Film | Fritz Lang's Destiny – Hitchcock and Buñuel's gothic inspiration

As the British Film Institute’s Gothic Festival draws to an end, the Hyde Park Picture House played host to a live score of Fritz Lang’s Destiny. The film itself was born in the early 1920s and without achieving huge critical acclaim at the time, is looked back upon fondly as a stepping stone in the auteuristic director’s illustrious career. This is a man, and more specifically a film, that inspired Alfred Hitchcock’s move into film and made highly influential surrealist filmmaker Luis Buñuel claim how he “came out of the Vieux Colombier (cinema) completely transformed. Images could and did become for me the true means of expression. I decided to devote myself to the cinema”.

The story documents a young woman’s attempts to bargain back her deceased husband from ‘Der Tod’, Death. She is offered the chance to save him from a merciful Grim Reaper, but to do so she must save the life of another in one of three fantastical realms; Persia, Renaissance Italy and China. A sharp and well-crafted original score by Paul Robinson, and performed live by his HarmonieBand helped ease the temporal flow of the narrative. This was achieved by a repetition of particular passages, including a tolling piano sound. In the programme, Robinson notes that this “is heard at various points in the score and reflects the women’s detachment from immediate reality”. The music carefully mirrored the story and made the event accessible to all, not just those already familiar with the German Expressionist movement.
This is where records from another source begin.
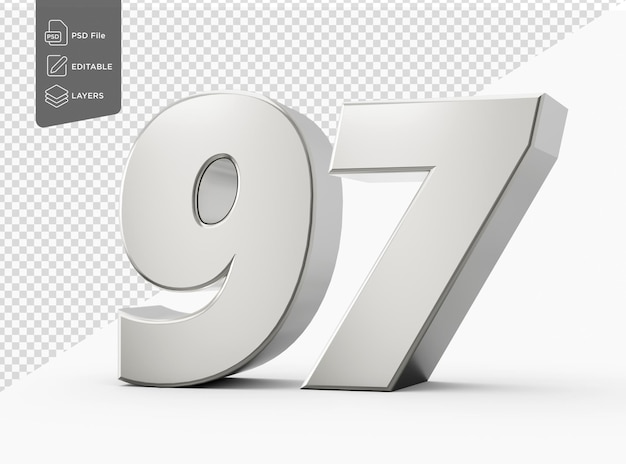 Número de plata brillante 97 noventa y siete Número de prata aislado en fondo blanco Ilustración 3d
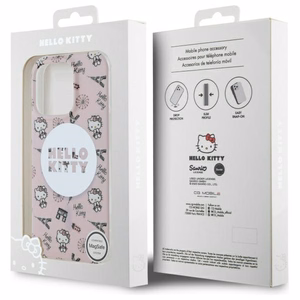 Hello Kitty IML All Over Paris Magsafe iPhone 16 Pro:lle Suojakuori - Vaaleanpunainen
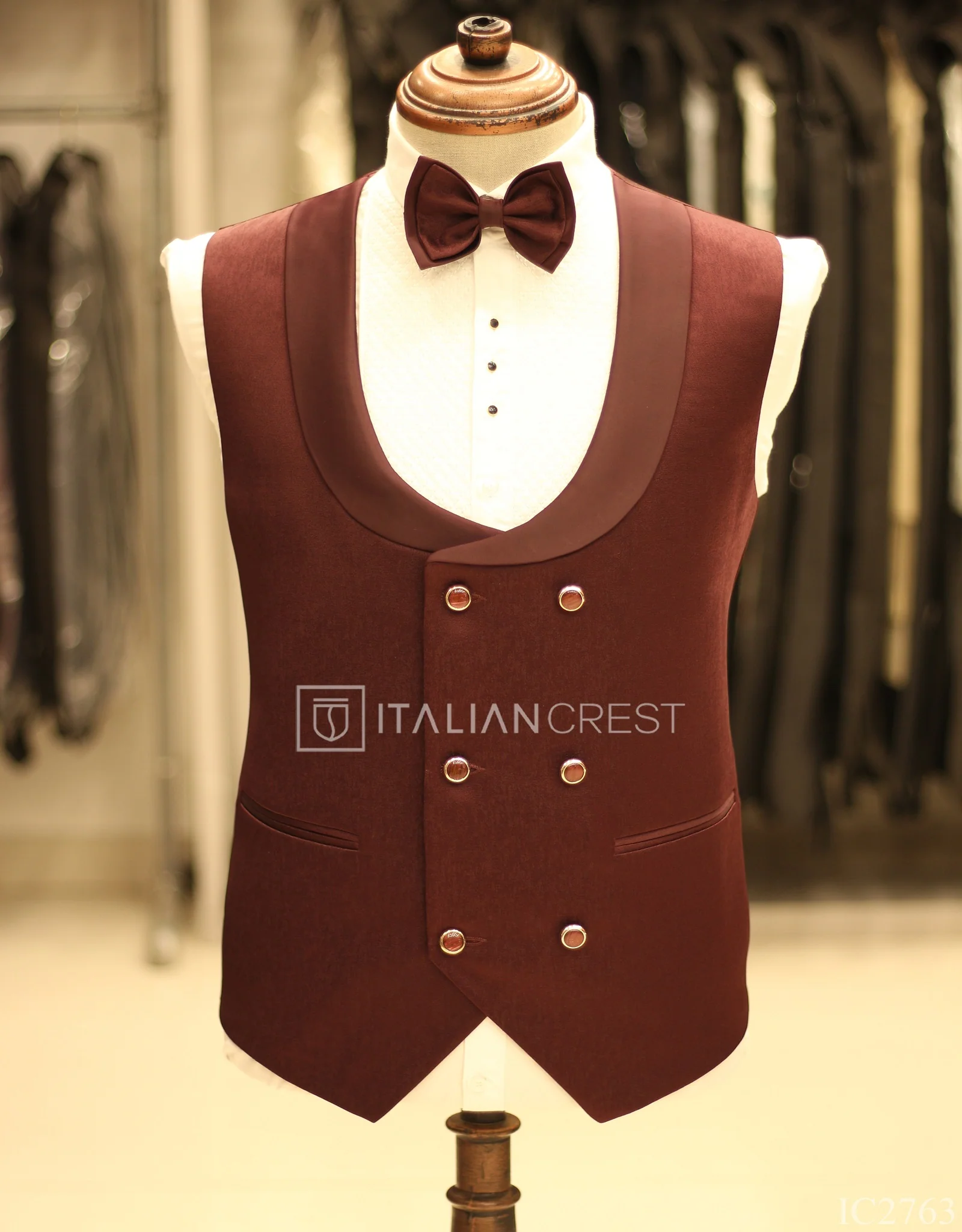 Maroon Jacquard 5pc Wedding Suit - Image 2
The narrative guided us into three dimensions. These episodes developed quickly, leaving the audience very little time to develop strong emotional bonds with the characters. Many would defend this criticism by claiming that presenting the themes in this way champions the universality of these ideas. We are no longer investing simply in a human, but observing a comment on the human condition.

A precursor to so much noir, horror and naturally neo-expressionism, Destiny is stylistically perfect. It combines brave editing with content reminiscent of the fashionably morbid Victorian photographer Henry Peach Robinson. Its fascination with gothic culture also makes clever use of innovative special effects. The multiple in-camera exposures pioneered by Georges Méliès, although simple by today’s standards, were incredibly effective and reflected the preternatural and transcendental figure of death wonderfully.

This, Lang’s first real look into fate and moral ambiguity, which would go on to become major themes in his work especially throughout the Weimar years, was received with a hearty applause by all on Monday. It’s events like this that reiterate Hyde Park Picture House’s proud reputation. After catching up with composer Paul Robinson, he pointed me in the direction of HarmonieBand’s next show, a scoring of Dreyer’s Vampyr at Middleton Hall, Hull on Friday the February 28, which is certainly not one to be missed.